Understanding the dose-response relationship is crucial in studying the effects of brain stimulation techniques, such as transcranial direct current stimulation (tDCS). The dose-response relationship refers to the relationship between the received stimulation dose and the resulting response, which can be described as a function of the dose at various levels, including single/multiple neurons, clusters, regions, or networks. Here, we are focused on the received stimulation dose obtained from computational head models and brain responses which are quantified by functional magnetic resonance imaging (fMRI) data. In this randomized, triple-blind, sham-controlled clinical trial, we recruited sixty participants with methamphetamine use disorders (MUDs) as a sample clinical population who were randomly assigned to receive either sham or active tDCS. Structural and functional MRI data, including high-resolution T1 and T2-weighted MRI, resting-state functional MRI, and a methamphetamine cue-reactivity task fMRI, were acquired before and after tDCS. Individual head models were generated using the T1 and T2-weighted MRI data to simulate electric fields. In a linear approach, we investigated the associations between electric fields (received dose) and changes in brain function (response) at four different levels: voxel level, regional level (using atlas-based parcellation), cluster level (identifying active clusters), and network level (task-based functional connectivity). At the voxel level, regional level, and cluster level, no FDR-corrected significant correlation was observed between changes in functional activity and electric fields. However, at the network level, a significant positive correlation was found between frontoparietal connectivity and the electric field at the frontopolar stimulation site (r = 0.42, p corrected = 0.02; medium effect size). Our proposed pipeline offers a methodological framework for analyzing tDCS effects by exploring dose-response relationships at different levels, enabling a direct link between electric field variability and the neural response to tDCS. The results indicate that network-based analysis provides valuable insights into the dependency of tDCS neuromodulatory effects on the individual's regional current dose. Integration of dose-response relationships can inform dose optimization, customization, or the extraction of predictive/treatment-response biomarkers in future brain stimulation studies.

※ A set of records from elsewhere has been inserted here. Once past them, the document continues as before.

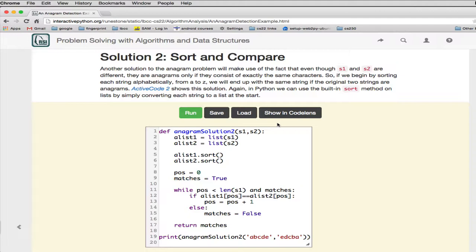So this is a very elegant solution. You can see it's really short. He basically converts both strings to lists, then calls the sort function in Python on a list, so this will rearrange the list so they're both sorted. They're sorted alphabetically from beginning to end. And once you've done that, all you have to do is compare the two lists.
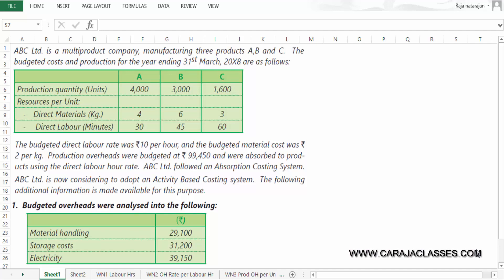This is a case study on activity based costing. We will find out the cost as per activity based costing, and also the cost as per traditional absorption costing, and try to find out the difference and why that takes place.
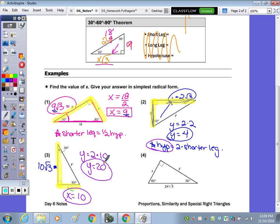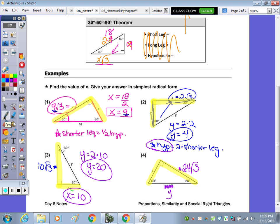Let's do one more: if opposite the 60 is 24 radical 3, highlight your two legs here and here. Who can tell me what x is? If this is 24 radical 3, the other leg is 24. So the legs are 24 radical 3 and 24. Then the hypotenuse — you double the shorter leg: double 24 gives you 48. So y equals 48.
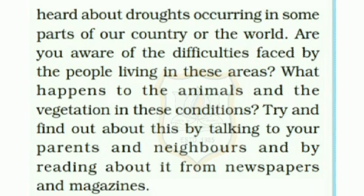Are you aware of the difficulties faced by the people living in these areas? What happens to the animals and the vegetation in these conditions? Try and find out about this by talking to your parents and neighbors, and by reading about it from newspapers and magazines.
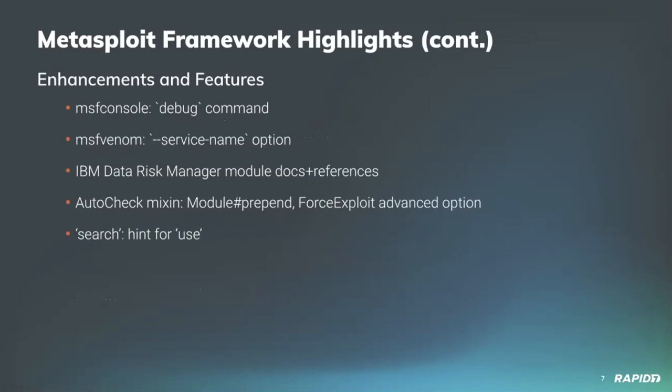Grant Wilcox added a new service name command line option to msfvenom, supporting creation of x86 and x64 exe service payloads with arbitrary service names. Community contributor pedrib improved three IBM Data Risk Manager modules that pedrib had authored a few months back, swinging back through and updating module documentation and references with vendor confirmed vulnerable versions and links to vendor advisories. Really appreciate this eye for detail, pedrib.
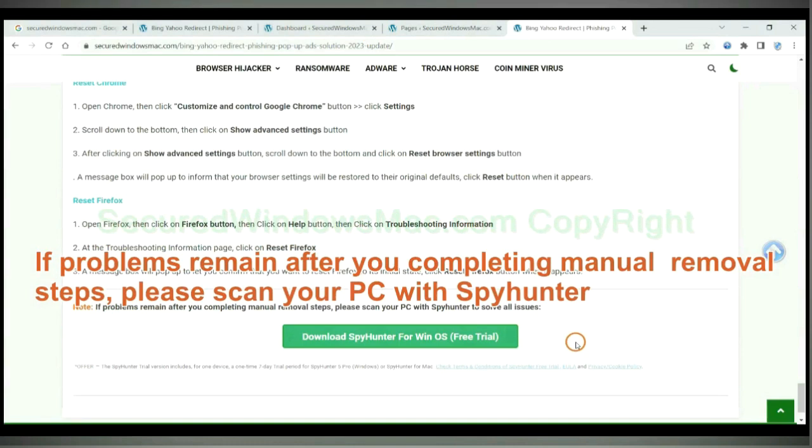If problems remain after you complete manual removal steps, please scan your PC with SpyHunter.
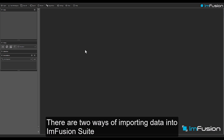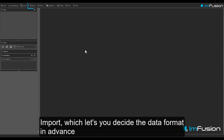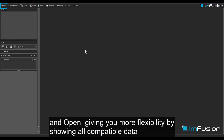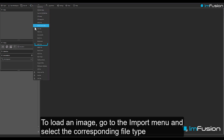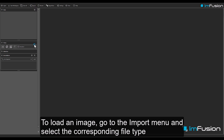There are two ways of importing data into Infusion Suite: Import, which lets you decide the data format in advance, and Open, giving you more flexibility by showing all compatible data. To load an image, go to the import menu and select the corresponding file type.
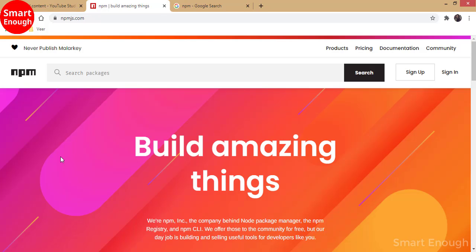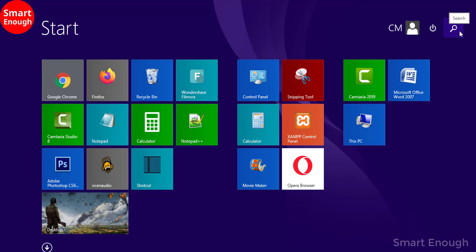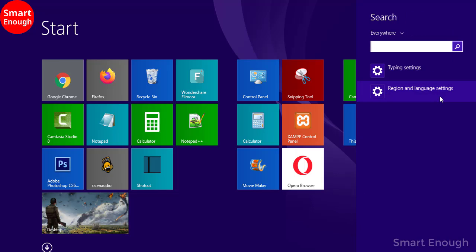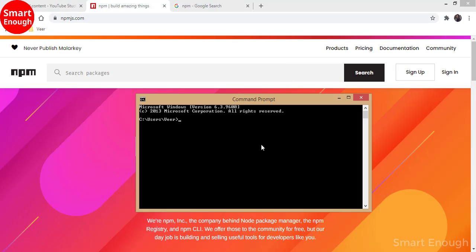To check the NPM version, go to Start, type Command Prompt or CMD. In the command prompt, you have to type npm -v. This command will show the NPM version installed in your PC.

理解剂量-反应关系对于研究脑刺激技术的效果至关重要,例如经颅直流电刺激(tDCS)。剂量-反应关系是指所接受的刺激剂量与产生的反应之间的关系,可以描述为各种水平(包括单个/多个神经元、簇、区域或网络)的剂量函数。在这里,我们专注于从计算头模型获得的接受刺激剂量和通过功能磁共振成像(fMRI)数据量化的大脑反应。在这项随机、三盲、假刺激对照临床试验中,我们招募了 60 名患有甲基苯丙胺使用障碍(MUD)的参与者作为样本临床人群,他们被随机分配接受假刺激或真刺激 tDCS。在 tDCS 前后采集了结构和功能磁共振成像数据,包括高分辨率 T1 和 T2 加权 MRI、静息态功能 MRI 和甲基苯丙胺线索反应任务 fMRI。使用 T1 和 T2 加权 MRI 数据生成个体头部模型以模拟电场。在线性方法中,我们研究了电场(接受剂量)与四个不同水平的大脑功能变化(反应)之间的关联:体素水平、区域水平(使用基于图谱的分割)、簇水平(识别活跃簇)和网络水平(基于任务的功能连接)。在体素水平、区域水平和簇水平,功能活动的变化与电场之间没有经过 FDR 校正的显著相关性。然而,在网络水平上,额顶连接与额极刺激部位的电场之间存在显著的正相关(r = 0.42,p 校正= 0.02;中等效应大小)。我们提出的方法提供了一种分析 tDCS 效果的方法学框架,通过在不同水平探索剂量-反应关系,为电场变异性与 tDCS 对神经的反应之间建立直接联系。结果表明,基于网络的分析为 tDCS 神经调节效应对个体区域电流剂量的依赖性提供了有价值的见解。剂量-反应关系的整合可以为未来的脑刺激研究提供剂量优化、定制或提取预测/治疗反应生物标志物的信息。